Robyn took a long swallow of his bandy. “Have you ever met her? Lady Chase, I mean?”

“No. My mother wrote to her for several years after she and my father married, but Lady Chase never answered any of her letters. We didn't talk about her much when we were growing up. I've never even seen her before tonight, but I knew right away who she was.”

No doubt. Millicent Somerset must have inherited her looks from her mother.

“It might not be as bad as you imagine,” he said. “She may cut you, but the Sutherlands will back you. It's not over yet.”

Lily pulled the blanket tighter around her shoulders. “It is for me. Perhaps it's just as well. I'm not destined for London society, it seems.”

Robyn's fingers tightened on his glass. He couldn't deny she'd had a rough go of it, or that he was the cause of most of her problems. Blast it, how had it gotten to this point? He'd begun innocently enough, his only thought to tease her a little, perhaps have a little amusement—

You'll find something else to amuse you, and where will that leave me?

He thought of the look on Lily's face as she'd turned and fled tonight. Somewhere along the way, it had ceased to be amusing.

“Don't tell me you're going to let Lady Chase frighten you off.”

“I don't see what choice I have. She can't be dismissed as easily as Mrs. Tittleton. She's a wealthy, influential countess, and the only family we have.
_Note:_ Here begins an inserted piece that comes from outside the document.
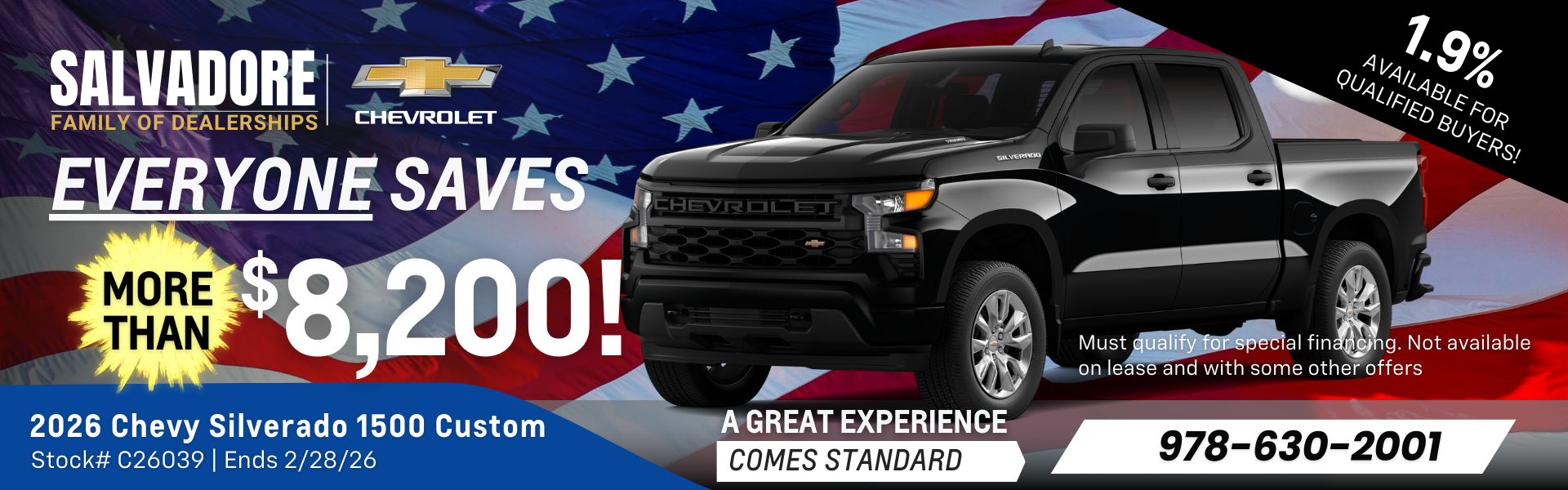 Chevy Silverado 1500 Savings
If our own grandmother cuts us, and she will, the
ton
will take note of it and follow her lead.”

Just when he'd decided she did have spirit, after all . . . “I never took you for such a coward, Lily.”

He sat and waited for her to argue with him, to tell him she was no coward, but she said nothing. She kept her eyes on her glass, turning it around and around between her palms. “You don't understand,” she whispered at last. “I can't get into a battle with Lady Chase.”

She'd just give up, then?
Robyn drained his glass in one angry swallow. He reached forward, snatched her glass from her, and dropped it on the table. The brandy sloshed over the side and splashed his hand. “Why the devil not? Because it wouldn't be
polite
? Because it's not
proper
to row with one's grandmother?”

She shook her head. “Not because of that, but because . . . because—didn't you see her, Robyn? Did you see her face? Her eyes?”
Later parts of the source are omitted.